The Analog Incident Cabinet of Curiosities: Building a Tangible Museum of Tiny Outage Clues
Explore how treating incident artifacts—logs, screenshots, scribbled notes, and pager alerts—as a “cabinet of curiosities” can transform painful outage postmortems into a powerful, tangible system for learning and improving reliability.
The Analog Incident Cabinet of Curiosities
What if every outage your team has ever survived lived in a museum?
Not as a bullet point in a slide deck, but as a physical exhibit: screenshots pinned to corkboards, pagers taped next to scribbled timelines, printouts of graphs frozen at the moment everything went sideways. A cabinet of curiosities for incidents—a tangible archive of how things broke, how you found out, and how you fought your way out.
This isn’t nostalgia. It’s about making the messy reality of incident response visible and learnable. When you treat incident artifacts as curiosities worth preserving and revisiting, you create a culture that:
- Values deep postmortems over blame
- Reduces the pain of reconstructing timelines
- Turns tiny clues into concrete reliability improvements
Let’s open the drawers of this cabinet, one curiosity at a time.
Drawer 1: The Pager That Wouldn’t Stop Buzzing
Every outage has a first sensory moment: the vibration of a phone, a Slack ping, a red light on a wallboard. That first alert is your entry ticket to the incident museum.

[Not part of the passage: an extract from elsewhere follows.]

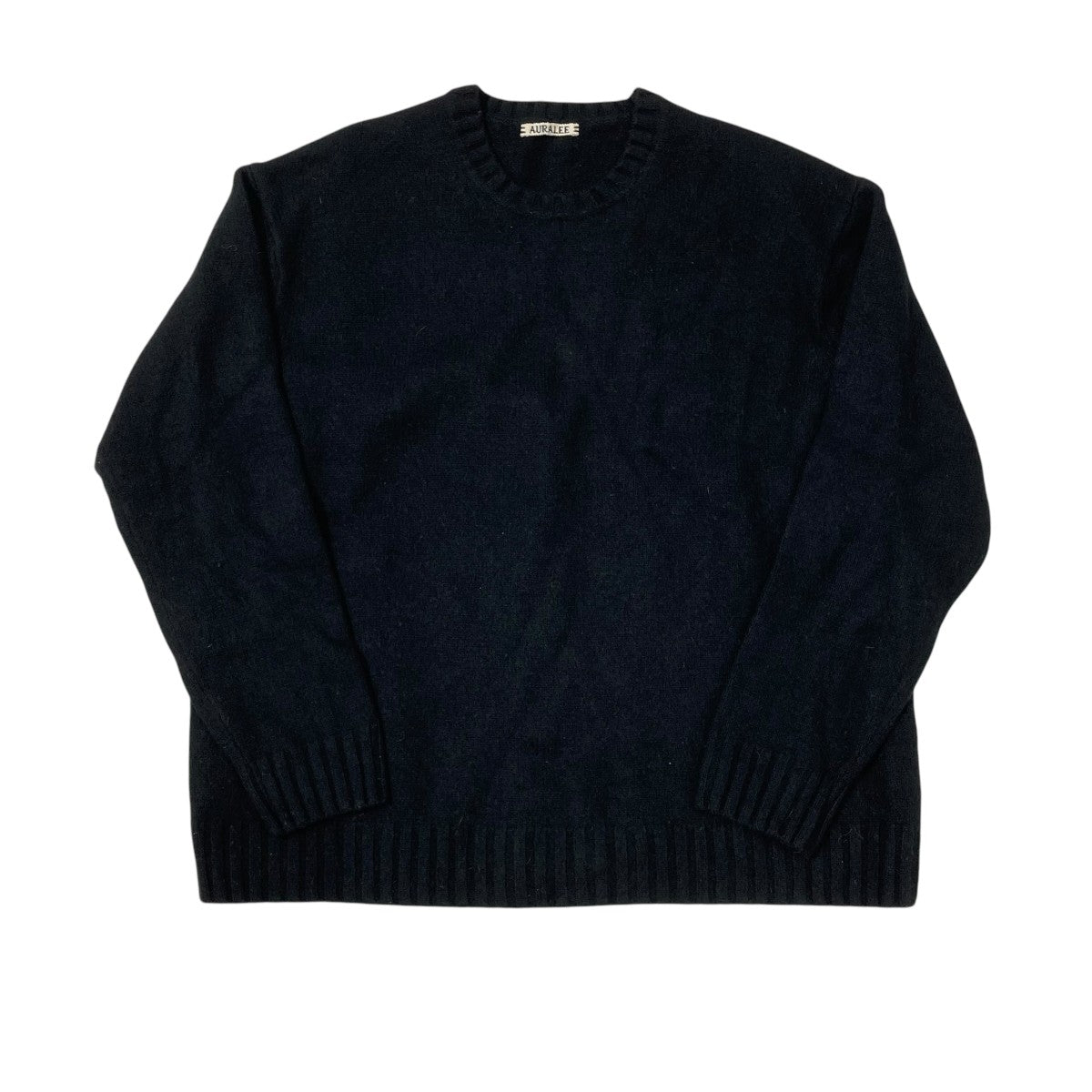 COTTON WOOL CASHMERE KNITクルーネックニットA20AP02WC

What this curiosity represents:
- How you detect problems
- How clearly your alerts describe what’s wrong
- How quickly the right people are notified
Questions to ask when you put the “pager” in the cabinet:
- Did the alert fire early enough to prevent user impact?
- Was it noisy, vague, or misleading?
- Did the alert route to the right on‑call person or team?

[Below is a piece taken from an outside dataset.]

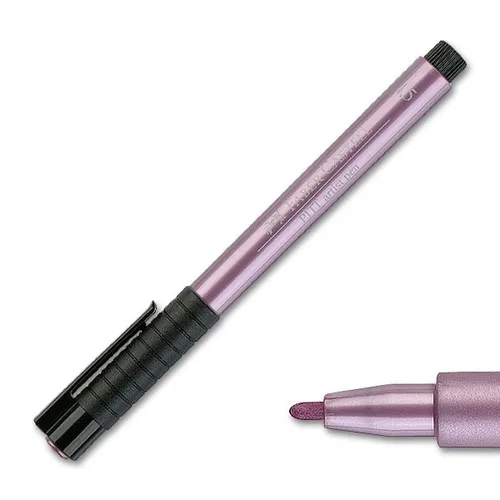 Artist Pen - 290 ruby metallic Faber-Castell 167390, 1,5mm-Spitze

- Did context (runbooks, links, dashboards) accompany the alert?
Practical improvement:
Treat each alert as a design artifact. After an incident, adjust:
- Alert thresholds (too noisy? too late?)

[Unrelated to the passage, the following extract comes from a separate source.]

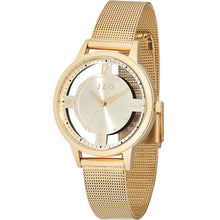 Load image into Gallery viewer, Jag J2705A Gold Tone Mesh Womens Watch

- Routing rules (did it escalate correctly?)
- Attached context (dashboards, logs, runbooks)
In your cabinet, keep a printed copy or screenshot of the alert as it actually appeared. It’s a small object, but it captures the first moment of awareness—where reliability really begins.
Drawer 2: The Scribbled Timeline on a Whiteboard
During a live outage, someone usually becomes the unofficial historian: jotting times, decisions, and observations on a whiteboard, a notepad, or a shared doc. This messy timeline is often the most accurate story of what actually happened.
Why it matters:
Postmortems depend on timelines, yet reconstructing them after the fact is painful:
- Logs are incomplete or rotated away
- Chat history is fragmented across channels
- People’s memories are biased or missing small but vital events
Your “scribbled timeline” curiosity is a reminder that:
- Capture during the incident is gold
- Even rough notes beat perfect reconstructions done days later
Make this curiosity work for you:
- Designate an incident scribe in your response roles
- Provide a simple template:
Time – Action – Actor – Evidence - Snap a photo of the whiteboard or export the shared doc right after resolution
When you print and archive these timelines in your cabinet, you build a visible sequence of “how we actually work under pressure.” That sequence is a direct input into improving on‑call rotations, tooling, handoff practices, and training.
Drawer 3: The Graph Frozen at 03:17
Somewhere there’s a graph, log snippet, or tracing view that shows the exact moment things broke. Maybe it’s a traffic spike, a sudden rise in error rates, or a latency curve going vertical.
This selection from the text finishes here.